Dana Pensiun
"Dua tahun pemerintahan ini fokus pada PMN, tentunya akan menyulitkan anggaran, karena anggaran terbatas. Karena akan menambah utang. Kita cari injeksi modal pendanaan jangka panjang kita tahu dana pensiun asuransi jiwa bersumber jangka panjang," ujar Bambang.
Menurut dia, dengan diputarnya dana pensiun dan asuransi jiwa pada proyek infrastruktur, membawa manfaat bagi peserta yang mengumpulkan dana tersebut. Hal itu karena akan mendapat pengembalian yang jauh lebih besar dari uang yang disetorkan.
"Para pesertanya membeli polis untuk saat pensiun atau ketika terjadi sesuatu,karena itu return harus dijaga sebaiknya. Artinya dana pensiun uang menerima saat pensiun returnnya harus lebih baik dibandingkan dari yang disetor, itu tugas pengelola," ujar mantan Dekan FEB UI itu.
Melalui PINA, menurut Bambang, pemerintah akan memberikan jalan bagi pihak swasta dan BUMN untuk menjadi investor pada proyek infrastruktur. "Tapi perlu diingat, kita mencari pihak swasta dan BUMN yang tidak memanfaatkan PMN," ujarnya.
Seperti diketahui, bahwa pemerintah pada 2018 akan mengoptimalkan peranan sektor swasta dalam pembangunan infrastruktur. Ini menyusul prioritas anggaran yang lebih difokuskan untuk mengatasi kemiskinan dan kesenjangan sesuai amanat Presiden Jokowi dalam sidang kabinet Paripurna.
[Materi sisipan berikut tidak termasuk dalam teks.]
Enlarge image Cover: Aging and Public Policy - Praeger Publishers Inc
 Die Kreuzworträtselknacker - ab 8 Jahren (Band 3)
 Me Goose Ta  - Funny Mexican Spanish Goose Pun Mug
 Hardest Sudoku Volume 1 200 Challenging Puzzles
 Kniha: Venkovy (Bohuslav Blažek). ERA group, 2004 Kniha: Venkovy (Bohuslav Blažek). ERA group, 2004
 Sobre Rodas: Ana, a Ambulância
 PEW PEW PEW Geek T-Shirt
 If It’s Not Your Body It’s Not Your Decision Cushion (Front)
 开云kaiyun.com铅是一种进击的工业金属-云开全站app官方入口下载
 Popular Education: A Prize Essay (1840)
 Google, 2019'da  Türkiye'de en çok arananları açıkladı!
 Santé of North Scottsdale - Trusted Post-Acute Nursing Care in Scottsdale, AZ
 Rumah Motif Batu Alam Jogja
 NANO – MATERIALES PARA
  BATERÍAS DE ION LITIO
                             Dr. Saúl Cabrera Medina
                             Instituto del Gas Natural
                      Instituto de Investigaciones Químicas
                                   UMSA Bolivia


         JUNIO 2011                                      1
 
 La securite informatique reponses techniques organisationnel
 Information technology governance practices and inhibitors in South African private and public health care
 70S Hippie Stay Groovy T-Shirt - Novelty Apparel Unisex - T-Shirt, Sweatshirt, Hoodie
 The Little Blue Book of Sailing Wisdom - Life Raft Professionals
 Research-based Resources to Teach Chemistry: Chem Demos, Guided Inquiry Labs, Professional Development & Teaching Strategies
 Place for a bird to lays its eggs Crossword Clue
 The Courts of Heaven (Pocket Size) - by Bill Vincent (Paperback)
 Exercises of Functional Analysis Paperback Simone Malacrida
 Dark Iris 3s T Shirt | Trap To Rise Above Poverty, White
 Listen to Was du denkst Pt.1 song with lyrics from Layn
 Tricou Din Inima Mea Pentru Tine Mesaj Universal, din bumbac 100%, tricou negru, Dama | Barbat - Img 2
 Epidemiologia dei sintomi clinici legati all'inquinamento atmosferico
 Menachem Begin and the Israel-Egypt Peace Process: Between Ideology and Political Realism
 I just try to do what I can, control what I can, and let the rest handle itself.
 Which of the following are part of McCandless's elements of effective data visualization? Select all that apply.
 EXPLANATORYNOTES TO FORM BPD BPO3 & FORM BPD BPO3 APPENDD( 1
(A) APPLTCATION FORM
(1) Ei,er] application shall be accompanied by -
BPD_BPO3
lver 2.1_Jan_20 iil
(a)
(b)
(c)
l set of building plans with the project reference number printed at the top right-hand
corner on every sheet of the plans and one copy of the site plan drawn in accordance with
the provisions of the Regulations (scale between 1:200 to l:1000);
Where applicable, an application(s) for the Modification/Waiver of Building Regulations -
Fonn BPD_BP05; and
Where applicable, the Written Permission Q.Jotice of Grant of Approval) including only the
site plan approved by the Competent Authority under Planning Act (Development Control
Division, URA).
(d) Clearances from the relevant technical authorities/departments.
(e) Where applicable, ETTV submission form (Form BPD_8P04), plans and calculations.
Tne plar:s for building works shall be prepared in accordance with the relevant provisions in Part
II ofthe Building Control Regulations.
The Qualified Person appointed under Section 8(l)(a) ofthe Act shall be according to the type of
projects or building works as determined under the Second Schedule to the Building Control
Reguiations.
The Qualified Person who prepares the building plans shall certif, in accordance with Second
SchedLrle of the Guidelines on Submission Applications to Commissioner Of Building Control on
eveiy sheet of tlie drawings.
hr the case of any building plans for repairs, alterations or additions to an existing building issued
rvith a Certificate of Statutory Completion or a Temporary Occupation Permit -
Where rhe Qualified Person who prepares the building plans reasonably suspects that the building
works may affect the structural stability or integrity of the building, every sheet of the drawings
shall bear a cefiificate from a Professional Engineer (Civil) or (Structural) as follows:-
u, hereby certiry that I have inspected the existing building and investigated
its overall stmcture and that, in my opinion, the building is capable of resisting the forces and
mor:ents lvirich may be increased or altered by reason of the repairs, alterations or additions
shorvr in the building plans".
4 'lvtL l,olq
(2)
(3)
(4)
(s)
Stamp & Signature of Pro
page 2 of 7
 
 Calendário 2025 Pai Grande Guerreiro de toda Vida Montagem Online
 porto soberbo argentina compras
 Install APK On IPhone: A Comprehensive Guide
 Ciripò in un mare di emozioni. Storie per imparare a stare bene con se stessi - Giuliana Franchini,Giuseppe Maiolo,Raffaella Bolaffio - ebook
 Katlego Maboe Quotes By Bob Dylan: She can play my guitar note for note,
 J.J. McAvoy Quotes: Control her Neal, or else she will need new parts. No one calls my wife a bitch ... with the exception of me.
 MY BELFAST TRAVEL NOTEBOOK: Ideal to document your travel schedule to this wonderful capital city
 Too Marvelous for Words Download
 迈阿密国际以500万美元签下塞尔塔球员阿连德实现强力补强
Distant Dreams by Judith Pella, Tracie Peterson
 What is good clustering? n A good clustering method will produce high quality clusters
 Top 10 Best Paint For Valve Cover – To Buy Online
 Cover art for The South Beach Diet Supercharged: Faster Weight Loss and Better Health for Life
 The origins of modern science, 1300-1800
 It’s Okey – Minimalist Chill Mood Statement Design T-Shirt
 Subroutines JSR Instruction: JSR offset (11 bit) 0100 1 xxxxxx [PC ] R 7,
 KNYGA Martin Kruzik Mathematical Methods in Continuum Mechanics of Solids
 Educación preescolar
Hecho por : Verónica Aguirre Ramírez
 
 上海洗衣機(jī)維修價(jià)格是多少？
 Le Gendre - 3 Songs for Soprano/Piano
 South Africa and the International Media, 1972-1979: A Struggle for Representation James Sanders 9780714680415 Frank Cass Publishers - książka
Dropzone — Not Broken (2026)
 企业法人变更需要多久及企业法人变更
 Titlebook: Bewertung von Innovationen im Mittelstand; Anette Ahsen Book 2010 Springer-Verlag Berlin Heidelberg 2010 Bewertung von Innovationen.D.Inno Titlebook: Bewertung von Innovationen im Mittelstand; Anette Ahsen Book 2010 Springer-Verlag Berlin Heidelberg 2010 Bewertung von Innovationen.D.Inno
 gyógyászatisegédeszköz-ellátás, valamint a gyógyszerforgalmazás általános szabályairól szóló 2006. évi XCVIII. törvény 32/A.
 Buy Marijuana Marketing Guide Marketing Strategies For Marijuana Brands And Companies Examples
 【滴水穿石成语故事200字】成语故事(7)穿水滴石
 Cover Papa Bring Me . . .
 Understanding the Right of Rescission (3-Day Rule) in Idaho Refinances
Bambang mengingatkan, partisipasi sektor swasta sangat penting dalam mewujudkan percepatan pembangunan infrastruktur. "Secara proaktif kami memfasilitasi sektor swasta agar lebih berperan dalam pembangunan infrastruktur di Indonesia," ujarnya.
Sesuai Rencana Pembangunan Jangka Menengah Nasional (PJMN) 2015-2019, total kebutuhan pembiayaan infrastruktur mencapai Rp4.769 triliun. Dari total anggaran tersebut, porsi anggaran Pemerintah melalui APBN maupun APBD diperkirakan hanya Rp1.978,6 triliun (41,3%), BUMN Rp1.066,2 triliun (22,2 %), sedangkan sisanya diharapkan dari sektor swasta Rp1.751,5 triliun (36,5%).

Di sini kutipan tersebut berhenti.